View attachment 4014906
How does the draw length look? I have been having a problem keeping my bow shoulder down and my pin usually sits pretty low on target. Any suggestions would be appreciated.


----------



## catcherarcher (Sep 23, 2014)

Your front arm is a little out of alignment. If you can get your shoulders at a 90* angle to the target and have your front arm in-line, this will give you good bone-to-bone contact. It should also help keep your bow shoulder down and keep your pin up. I would describe the feeling of getting your arm and shoulder in alignment as feeling like you are "inside" the bow. DL looks pretty good.


----------



## aread (Dec 25, 2009)

You appear to be using your arms and shoulders instead of your back to hold at full draw. A favorite saying of my old coach was "the tension of holding is achieved in the back and only in the back. All the rest, arms, hands, shoulders, etc are just hooks and levers". Hold a stick or short piece of line with both hands at about nose level. Try to pull it apart using only your back muscles. Your scapula will slide toward your backbone. This is very similar to how you want to hold at full draw. Use your scapula to hold, it's much steadier, though it's not easy to learn to do well.
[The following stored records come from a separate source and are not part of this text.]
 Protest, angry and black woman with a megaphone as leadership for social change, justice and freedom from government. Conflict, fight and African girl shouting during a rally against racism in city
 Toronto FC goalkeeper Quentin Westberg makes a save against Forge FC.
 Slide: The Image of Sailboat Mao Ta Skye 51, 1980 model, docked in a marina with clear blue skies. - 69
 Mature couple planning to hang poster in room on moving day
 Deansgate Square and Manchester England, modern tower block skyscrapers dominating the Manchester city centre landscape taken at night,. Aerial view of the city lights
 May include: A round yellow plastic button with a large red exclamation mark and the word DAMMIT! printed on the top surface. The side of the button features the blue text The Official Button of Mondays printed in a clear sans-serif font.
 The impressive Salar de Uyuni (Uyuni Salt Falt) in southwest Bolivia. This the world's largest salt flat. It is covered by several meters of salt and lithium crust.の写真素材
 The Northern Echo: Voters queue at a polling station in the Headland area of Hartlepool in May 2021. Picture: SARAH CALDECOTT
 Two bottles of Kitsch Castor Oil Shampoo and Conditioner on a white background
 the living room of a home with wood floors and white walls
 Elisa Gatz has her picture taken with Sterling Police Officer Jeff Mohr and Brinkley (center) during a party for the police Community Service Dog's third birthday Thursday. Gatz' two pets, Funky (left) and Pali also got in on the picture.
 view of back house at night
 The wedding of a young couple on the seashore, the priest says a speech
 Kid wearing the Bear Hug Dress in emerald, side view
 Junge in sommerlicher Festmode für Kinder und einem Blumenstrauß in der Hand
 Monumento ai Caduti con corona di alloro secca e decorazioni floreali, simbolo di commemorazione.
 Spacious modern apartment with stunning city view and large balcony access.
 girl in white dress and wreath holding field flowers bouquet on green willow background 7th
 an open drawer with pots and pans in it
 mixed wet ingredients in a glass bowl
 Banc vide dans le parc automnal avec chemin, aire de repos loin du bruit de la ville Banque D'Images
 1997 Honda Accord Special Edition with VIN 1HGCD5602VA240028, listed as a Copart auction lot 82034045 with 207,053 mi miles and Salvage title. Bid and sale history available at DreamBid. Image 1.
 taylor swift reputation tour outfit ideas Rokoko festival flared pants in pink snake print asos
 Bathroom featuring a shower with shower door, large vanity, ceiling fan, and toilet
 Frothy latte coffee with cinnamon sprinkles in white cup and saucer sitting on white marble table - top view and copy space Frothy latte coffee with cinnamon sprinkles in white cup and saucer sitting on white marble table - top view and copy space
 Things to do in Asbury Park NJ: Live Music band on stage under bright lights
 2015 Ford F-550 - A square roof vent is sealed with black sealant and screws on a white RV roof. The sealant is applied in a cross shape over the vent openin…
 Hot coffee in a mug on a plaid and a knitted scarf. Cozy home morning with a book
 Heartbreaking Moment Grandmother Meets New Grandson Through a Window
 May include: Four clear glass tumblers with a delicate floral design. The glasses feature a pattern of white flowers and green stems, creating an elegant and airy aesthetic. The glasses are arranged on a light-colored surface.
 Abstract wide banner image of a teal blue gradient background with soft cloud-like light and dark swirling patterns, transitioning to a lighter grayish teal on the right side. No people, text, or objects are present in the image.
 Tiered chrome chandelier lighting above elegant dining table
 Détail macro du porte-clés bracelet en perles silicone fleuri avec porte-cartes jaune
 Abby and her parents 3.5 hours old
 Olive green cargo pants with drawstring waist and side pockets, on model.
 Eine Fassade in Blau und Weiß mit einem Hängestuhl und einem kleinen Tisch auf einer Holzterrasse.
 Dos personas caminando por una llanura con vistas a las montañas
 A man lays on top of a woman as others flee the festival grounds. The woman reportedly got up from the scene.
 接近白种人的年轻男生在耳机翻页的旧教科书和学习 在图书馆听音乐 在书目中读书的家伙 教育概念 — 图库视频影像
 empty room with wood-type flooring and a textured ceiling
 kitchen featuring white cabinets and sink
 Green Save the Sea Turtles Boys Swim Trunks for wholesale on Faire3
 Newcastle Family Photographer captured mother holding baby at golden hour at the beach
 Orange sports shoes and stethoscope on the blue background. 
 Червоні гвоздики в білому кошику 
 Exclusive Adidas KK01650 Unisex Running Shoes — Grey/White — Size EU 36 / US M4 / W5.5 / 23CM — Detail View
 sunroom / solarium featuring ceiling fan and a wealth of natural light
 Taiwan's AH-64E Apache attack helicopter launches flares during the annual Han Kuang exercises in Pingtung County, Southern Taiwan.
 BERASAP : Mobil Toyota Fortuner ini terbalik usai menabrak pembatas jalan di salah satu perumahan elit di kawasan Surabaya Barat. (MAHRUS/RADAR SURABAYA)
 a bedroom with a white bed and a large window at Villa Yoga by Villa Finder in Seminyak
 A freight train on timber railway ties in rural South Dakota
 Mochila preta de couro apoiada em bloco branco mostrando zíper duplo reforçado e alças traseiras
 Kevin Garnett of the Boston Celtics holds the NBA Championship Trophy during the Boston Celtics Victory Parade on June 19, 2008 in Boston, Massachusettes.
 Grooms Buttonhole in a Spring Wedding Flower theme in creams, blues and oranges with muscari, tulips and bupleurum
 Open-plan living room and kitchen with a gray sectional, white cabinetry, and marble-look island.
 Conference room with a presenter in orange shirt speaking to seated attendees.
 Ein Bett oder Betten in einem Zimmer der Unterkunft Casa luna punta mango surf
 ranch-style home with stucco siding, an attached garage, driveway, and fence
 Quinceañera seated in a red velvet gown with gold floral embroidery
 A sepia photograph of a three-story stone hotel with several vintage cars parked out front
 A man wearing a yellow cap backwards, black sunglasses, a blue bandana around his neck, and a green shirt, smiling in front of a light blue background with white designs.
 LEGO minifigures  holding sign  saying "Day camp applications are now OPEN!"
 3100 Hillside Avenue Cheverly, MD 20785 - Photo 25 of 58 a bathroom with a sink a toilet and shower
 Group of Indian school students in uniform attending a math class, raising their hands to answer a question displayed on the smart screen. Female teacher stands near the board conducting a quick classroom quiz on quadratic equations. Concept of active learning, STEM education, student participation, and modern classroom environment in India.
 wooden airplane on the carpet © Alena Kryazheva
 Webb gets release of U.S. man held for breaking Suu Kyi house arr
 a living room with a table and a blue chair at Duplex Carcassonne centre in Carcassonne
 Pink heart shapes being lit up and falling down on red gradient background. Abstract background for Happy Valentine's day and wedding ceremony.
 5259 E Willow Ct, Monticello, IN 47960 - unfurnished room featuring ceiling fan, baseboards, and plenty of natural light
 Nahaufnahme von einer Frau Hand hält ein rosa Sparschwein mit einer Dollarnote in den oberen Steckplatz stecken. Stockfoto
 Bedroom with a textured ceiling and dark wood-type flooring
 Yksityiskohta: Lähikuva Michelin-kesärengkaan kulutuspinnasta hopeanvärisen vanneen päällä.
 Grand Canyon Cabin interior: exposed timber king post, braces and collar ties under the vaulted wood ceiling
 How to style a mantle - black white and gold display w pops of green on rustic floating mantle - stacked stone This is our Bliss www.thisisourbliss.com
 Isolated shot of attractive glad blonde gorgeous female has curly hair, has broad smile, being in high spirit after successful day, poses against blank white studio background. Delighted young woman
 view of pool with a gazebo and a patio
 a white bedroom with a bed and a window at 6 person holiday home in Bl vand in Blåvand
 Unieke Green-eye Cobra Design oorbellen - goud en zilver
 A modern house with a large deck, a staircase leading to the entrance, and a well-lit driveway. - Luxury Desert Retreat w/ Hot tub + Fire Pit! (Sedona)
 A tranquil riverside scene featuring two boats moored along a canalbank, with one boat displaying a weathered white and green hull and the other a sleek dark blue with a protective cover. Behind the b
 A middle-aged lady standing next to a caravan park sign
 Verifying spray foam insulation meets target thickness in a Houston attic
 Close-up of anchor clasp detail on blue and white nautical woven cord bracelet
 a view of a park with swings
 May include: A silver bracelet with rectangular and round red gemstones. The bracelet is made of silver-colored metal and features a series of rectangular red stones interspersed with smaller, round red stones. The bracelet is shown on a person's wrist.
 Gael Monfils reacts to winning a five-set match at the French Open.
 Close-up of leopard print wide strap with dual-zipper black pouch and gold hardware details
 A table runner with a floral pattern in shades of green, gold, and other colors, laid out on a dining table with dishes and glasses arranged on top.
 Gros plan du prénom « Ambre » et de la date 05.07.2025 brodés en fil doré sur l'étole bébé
Otherwise your form looks pretty good. You might want to experiment with DL a little. Adjust it by a twist or two and see if your steadiness improves. If not, adjust the other way. It looks pretty close as it is.

Hope this helps,
Allen


----------



## trxster831 (Nov 18, 2003)

View attachment 4063585

new picture. any more input?


----------



## catcherarcher (Sep 23, 2014)

Very good. Back shoulder still looks a little tense. Not bad but raised a little. Other than that you look good.


----------



## nuts&bolts (Mar 25, 2005)

trxster831 said:


> View attachment 4063585
> 
> new picture. any more input?


Not good enough. SKY high right armpit/release shoulder syndrome. DROP the right shoulder to the same height as the left shoulder.
LEVEL arrow, needs to LEVEL collar bones. GRIV has a THING a WEEK that talks about HIS method to fix this. i have my own method for my students. Here is a photo of YOU, and a photo of trailerdog, to give you a visual of what LEVEL collar bones, and level arrow looks like.



Here is the GRIV Thing a Week.

https://www.youtube.com/watch?v=TJbu3GtfUro

Pay particular attention to Part #2.


----------